Civil Rights Timeline

  • Dred Scott v Sandford

    Dred Scott v Sandford
    The United States claimed that no slave was allowed to sue for their own freedom, whether they were a free slave or not. It was concluded that black individuals were not counted towards being a citizen in the Consitution. Since he was not a "citizen" so they couldn't help him because of the "diversity of citizenship". He ended up losing 7-2 against him.
  • 13th Amendment

    13th Amendment
    "Neither slavery nor involuntary servitude, except as a punishment for crime whereof the party shall have been duly convicted, shall exist within the United States, or any place subject to their jurisdiction." The 13th Amendment abolished slavery in the United States. Abraham Lincoln was the current president of the United States when this amendment was passed.
  • 14th Amendment

    14th Amendment
    "All persons born or naturalized in the United States and subject to the jurisdiction thereof, are citizens of the United States and of the State wherein they reside." This amendment stated anyone that who was born in the United States is a citizen no matter their race or gender.
  • 15th Amendment

    15th Amendment
    This amendment prohibited the government from discriminating against anyone to vote based on their "race, previous condition, or condition of servitude".
  • Plessy vFerguson

    Plessy vFerguson
    This case was about Plessy, an African American male sitting on an all-white train. After he refused to get off the train, he was arrested for his actions. He then sued because of the violation of the 14th Amendment. The courts ruled against Plessy in a 7-1 voting, including that Plessy was technically not imposed in the 14th amendment and according to the state of Lousiana there wasn't a meaning between the black and white trains.
  • 19th Amendment

    19th Amendment
    This amendment gave the right to anyone to vote including race and gender. So, this amendment gave women the right to vote.
  • Brown v Board of Education

    Brown v Board of Education
    This case was about stopping the segregation of Americans in school by the color of their skin. They made the quote "separate but equal" and started to solve the issues going on with racism. It was ruled that racial discrimination in public education was unconstitutional and needed to be addressed.
  • Civil RIghts Act of 1964

    Civil RIghts Act of 1964
    The Civil Rights Act of 1964 prohibits discrimination on the basis of race, color, religion, sex, or national origin, no matter what. It ended segregation in public places and banned employment discrimination.
  • Voting Rights Act of 1965

    Voting Rights Act of 1965
    This outlawed the discrimination in the United States but specifically the southern part of the United States in voting for African Americans
  • Reed v Reed

    Reed v Reed
    This case was about how the Idaho Code stated, "males must be preferred to females". But, when their son died they wanted to rename the company in his name.

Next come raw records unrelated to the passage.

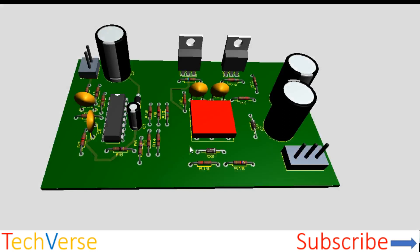Hi, welcome to TechVerse. In this video I will show you how you can make a dual rail power supply for your audio amplifier. Specifically, the circuit is similar to that of an audio amplifier with an output of plus or minus 50 volts.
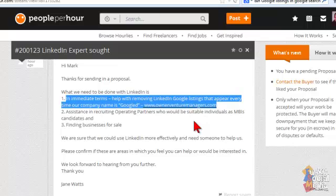And it's not a lot that you can do about that, but however, there is a way that you can restrict the search engines from necessarily going into your LinkedIn account and pulling all the data that you're using to update your account.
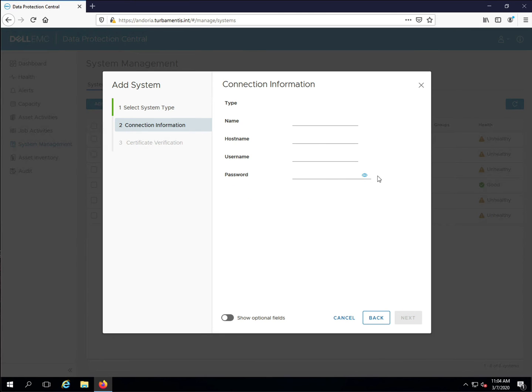DPC needs four pieces of data from you: the name it will use to show the DPA server, the DPA hostname, the username, and password.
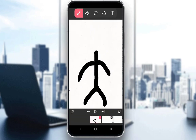Flipaclip is a free application for creating animations which you can use on your mobile phone and on Windows 11 devices, as far as I know. You can create a lot of different animations by drawing your own frames using the tools that are at your disposal.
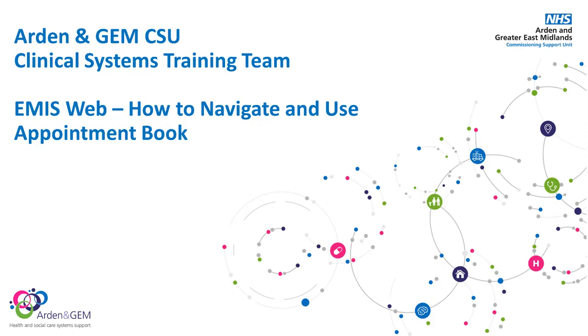Hello, in this video we're going to look at how to navigate the appointment book within EMIS web as well as how to book and manage appointments.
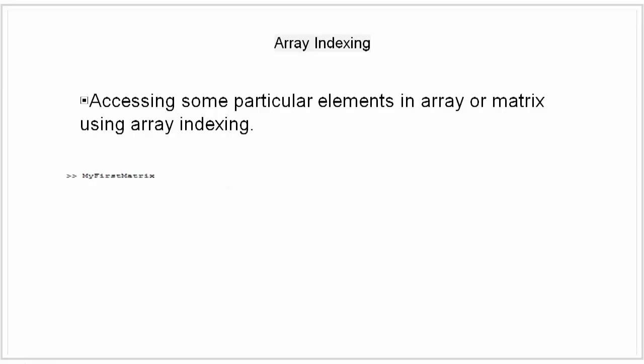To refer to multiple elements of an array, we use the colon operator. This allows us to specify a range of the form start colon end. For example, if I want to access the whole row, I would do this.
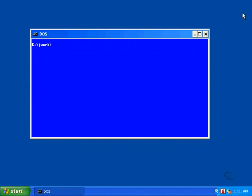This lesson will show you how to draw a line of text in the center of a window. The window can be resized and reshaped, and the text will automatically shift positions to remain in the center.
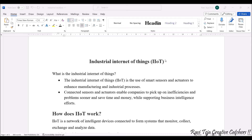Hello everyone, welcome to the course Fundamentals of IoT, in short FIoT. In today's class we are going to learn a new topic called Industrial Internet of Things, in short IIoT. The Industrial Internet of Things is the use of smart sensors as well as actuators to enhance manufacturing and industrial processes, similar to IoT where sensors and actuators are connected over the internet.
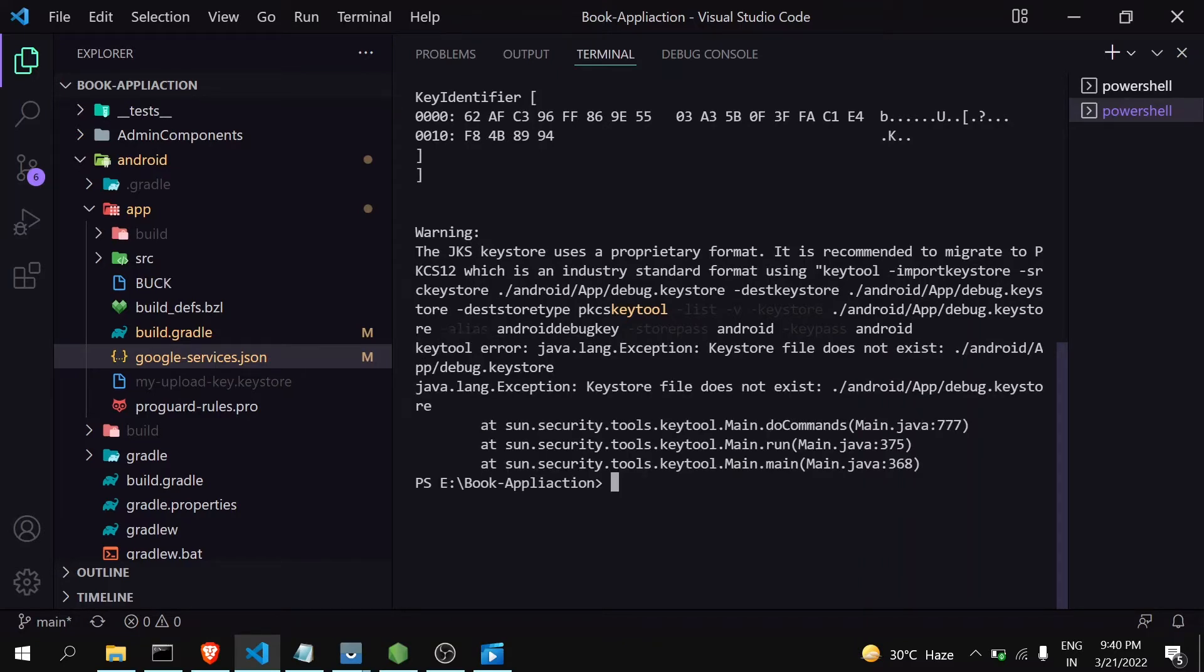I deleted the debug.keystore file and ran this command again. You can see here I'm getting an error like keystore file does not exist. And also I will not be able to verify the Firebase again. So how can you generate the keystore file?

She argues that the code violates the Equal Protection clause of the 14th Amendment.
  • Title IX

    Title IX
    This gave the right to any child or adult to be able to get an education no matter their gender or race. It mostly prohibited sexual discrimination against women for their education.
  • Americans with Disabilities Act

    Americans with Disabilities Act
    This act prohibits any discrimination against disabilities. This discrimination includes employment, transportation, and access to the governments' programs and services.
  • Obergefell v Hodges

    Obergefell v Hodges
    There are many couples across the United States that are wanting to get married that are attracted to the other gender. This is argued to violate the Equal Protection Clause.